▶ **The problem**: Give back exactly the first lines of the entries below, through the line with "42352605 :رقم المزاد".

BEGIN Input for this task

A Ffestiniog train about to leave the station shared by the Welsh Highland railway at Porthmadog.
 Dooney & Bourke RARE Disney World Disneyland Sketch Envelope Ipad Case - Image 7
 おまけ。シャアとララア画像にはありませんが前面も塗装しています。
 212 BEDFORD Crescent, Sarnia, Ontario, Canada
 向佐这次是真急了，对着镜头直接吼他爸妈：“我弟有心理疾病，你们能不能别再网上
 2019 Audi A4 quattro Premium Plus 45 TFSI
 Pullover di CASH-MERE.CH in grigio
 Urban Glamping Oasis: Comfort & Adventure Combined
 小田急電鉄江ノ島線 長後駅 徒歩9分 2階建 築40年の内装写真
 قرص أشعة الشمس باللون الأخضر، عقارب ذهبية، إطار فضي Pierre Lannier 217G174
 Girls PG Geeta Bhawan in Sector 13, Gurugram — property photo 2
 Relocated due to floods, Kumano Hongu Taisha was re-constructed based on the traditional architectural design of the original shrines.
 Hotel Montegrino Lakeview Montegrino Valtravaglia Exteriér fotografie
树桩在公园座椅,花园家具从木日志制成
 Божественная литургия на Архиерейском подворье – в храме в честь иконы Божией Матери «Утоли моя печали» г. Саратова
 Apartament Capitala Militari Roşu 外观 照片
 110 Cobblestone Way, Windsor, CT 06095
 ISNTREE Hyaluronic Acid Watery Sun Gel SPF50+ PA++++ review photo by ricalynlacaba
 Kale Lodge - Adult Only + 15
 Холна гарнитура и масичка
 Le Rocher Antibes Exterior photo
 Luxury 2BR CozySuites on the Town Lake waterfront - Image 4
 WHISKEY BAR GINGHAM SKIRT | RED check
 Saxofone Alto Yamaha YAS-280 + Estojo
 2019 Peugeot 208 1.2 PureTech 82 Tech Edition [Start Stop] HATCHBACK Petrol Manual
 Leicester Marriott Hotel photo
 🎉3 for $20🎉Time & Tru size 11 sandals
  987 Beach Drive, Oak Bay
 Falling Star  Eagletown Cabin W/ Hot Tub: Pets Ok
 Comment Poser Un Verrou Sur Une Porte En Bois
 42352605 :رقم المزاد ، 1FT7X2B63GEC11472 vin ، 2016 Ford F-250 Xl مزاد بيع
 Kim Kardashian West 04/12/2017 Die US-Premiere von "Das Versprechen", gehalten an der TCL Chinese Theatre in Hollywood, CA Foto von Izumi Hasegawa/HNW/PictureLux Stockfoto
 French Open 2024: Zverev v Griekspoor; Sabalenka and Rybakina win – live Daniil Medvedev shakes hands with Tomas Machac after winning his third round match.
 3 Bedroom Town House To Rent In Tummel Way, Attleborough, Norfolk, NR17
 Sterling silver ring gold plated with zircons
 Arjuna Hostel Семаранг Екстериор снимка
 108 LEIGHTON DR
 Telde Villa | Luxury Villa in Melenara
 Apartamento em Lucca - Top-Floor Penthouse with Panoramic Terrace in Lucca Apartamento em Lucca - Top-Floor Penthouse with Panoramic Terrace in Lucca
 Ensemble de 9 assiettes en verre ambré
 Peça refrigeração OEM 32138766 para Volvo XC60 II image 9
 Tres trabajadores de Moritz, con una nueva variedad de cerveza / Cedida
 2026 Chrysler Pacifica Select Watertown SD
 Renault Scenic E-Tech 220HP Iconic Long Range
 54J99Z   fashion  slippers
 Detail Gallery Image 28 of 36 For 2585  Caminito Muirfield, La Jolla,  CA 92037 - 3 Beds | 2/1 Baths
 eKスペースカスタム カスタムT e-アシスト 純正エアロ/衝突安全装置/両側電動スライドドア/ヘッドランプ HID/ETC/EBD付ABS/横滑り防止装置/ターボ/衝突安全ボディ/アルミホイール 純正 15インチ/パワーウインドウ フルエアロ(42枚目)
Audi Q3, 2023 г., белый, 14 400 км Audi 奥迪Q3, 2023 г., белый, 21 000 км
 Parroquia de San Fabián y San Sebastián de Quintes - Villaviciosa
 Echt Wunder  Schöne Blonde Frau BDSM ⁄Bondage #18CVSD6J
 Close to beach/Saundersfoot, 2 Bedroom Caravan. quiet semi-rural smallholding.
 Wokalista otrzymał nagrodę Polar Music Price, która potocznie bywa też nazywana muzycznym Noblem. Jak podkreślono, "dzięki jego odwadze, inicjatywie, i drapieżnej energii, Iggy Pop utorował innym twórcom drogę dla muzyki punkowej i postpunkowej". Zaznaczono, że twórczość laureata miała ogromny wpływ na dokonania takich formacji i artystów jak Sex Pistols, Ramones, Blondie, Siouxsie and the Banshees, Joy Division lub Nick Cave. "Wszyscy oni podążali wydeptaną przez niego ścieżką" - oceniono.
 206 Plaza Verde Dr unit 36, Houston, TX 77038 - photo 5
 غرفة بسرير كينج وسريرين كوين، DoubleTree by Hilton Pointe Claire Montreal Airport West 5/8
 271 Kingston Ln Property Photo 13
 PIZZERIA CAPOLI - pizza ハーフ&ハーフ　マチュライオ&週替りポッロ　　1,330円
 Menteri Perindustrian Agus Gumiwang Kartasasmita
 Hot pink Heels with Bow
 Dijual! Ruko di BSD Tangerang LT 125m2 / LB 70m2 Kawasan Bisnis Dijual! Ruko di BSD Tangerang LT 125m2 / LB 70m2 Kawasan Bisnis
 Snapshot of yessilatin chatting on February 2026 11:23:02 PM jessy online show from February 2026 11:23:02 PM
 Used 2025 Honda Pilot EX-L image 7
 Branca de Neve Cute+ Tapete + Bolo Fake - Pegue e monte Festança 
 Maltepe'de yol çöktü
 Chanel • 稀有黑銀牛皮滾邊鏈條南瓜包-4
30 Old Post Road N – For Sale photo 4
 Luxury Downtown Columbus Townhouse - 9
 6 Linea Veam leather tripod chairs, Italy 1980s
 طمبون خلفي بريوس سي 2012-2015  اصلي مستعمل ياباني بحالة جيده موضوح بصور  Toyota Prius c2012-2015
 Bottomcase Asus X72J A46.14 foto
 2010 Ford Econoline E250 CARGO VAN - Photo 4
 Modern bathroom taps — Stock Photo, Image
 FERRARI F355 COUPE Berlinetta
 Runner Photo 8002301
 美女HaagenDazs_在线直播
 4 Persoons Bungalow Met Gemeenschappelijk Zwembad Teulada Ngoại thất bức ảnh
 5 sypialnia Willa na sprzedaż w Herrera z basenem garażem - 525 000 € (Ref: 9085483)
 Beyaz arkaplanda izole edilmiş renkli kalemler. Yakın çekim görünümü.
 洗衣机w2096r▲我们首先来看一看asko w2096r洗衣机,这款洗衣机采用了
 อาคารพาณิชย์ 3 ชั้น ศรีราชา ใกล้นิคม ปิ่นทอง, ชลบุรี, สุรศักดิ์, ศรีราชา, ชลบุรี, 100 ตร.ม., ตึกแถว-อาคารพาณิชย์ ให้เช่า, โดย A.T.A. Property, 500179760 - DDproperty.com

END Input for this task

▶ **Response box**:
A Ffestiniog train about to leave the station shared by the Welsh Highland railway at Porthmadog.
 Dooney & Bourke RARE Disney World Disneyland Sketch Envelope Ipad Case - Image 7
 おまけ。シャアとララア画像にはありませんが前面も塗装しています。
 212 BEDFORD Crescent, Sarnia, Ontario, Canada
 向佐这次是真急了，对着镜头直接吼他爸妈：“我弟有心理疾病，你们能不能别再网上
 2019 Audi A4 quattro Premium Plus 45 TFSI
 Pullover di CASH-MERE.CH in grigio
 Urban Glamping Oasis: Comfort & Adventure Combined
 小田急電鉄江ノ島線 長後駅 徒歩9分 2階建 築40年の内装写真
 قرص أشعة الشمس باللون الأخضر، عقارب ذهبية، إطار فضي Pierre Lannier 217G174
 Girls PG Geeta Bhawan in Sector 13, Gurugram — property photo 2
 Relocated due to floods, Kumano Hongu Taisha was re-constructed based on the traditional architectural design of the original shrines.
 Hotel Montegrino Lakeview Montegrino Valtravaglia Exteriér fotografie
树桩在公园座椅,花园家具从木日志制成
 Божественная литургия на Архиерейском подворье – в храме в честь иконы Божией Матери «Утоли моя печали» г. Саратова
 Apartament Capitala Militari Roşu 外观 照片
 110 Cobblestone Way, Windsor, CT 06095
 ISNTREE Hyaluronic Acid Watery Sun Gel SPF50+ PA++++ review photo by ricalynlacaba
 Kale Lodge - Adult Only + 15
 Холна гарнитура и масичка
 Le Rocher Antibes Exterior photo
 Luxury 2BR CozySuites on the Town Lake waterfront - Image 4
 WHISKEY BAR GINGHAM SKIRT | RED check
 Saxofone Alto Yamaha YAS-280 + Estojo
 2019 Peugeot 208 1.2 PureTech 82 Tech Edition [Start Stop] HATCHBACK Petrol Manual
 Leicester Marriott Hotel photo
 🎉3 for $20🎉Time & Tru size 11 sandals
  987 Beach Drive, Oak Bay
 Falling Star  Eagletown Cabin W/ Hot Tub: Pets Ok
 Comment Poser Un Verrou Sur Une Porte En Bois
 42352605 :رقم المزاد ، 1FT7X2B63GEC11472 vin ، 2016 Ford F-250 Xl مزاد بيع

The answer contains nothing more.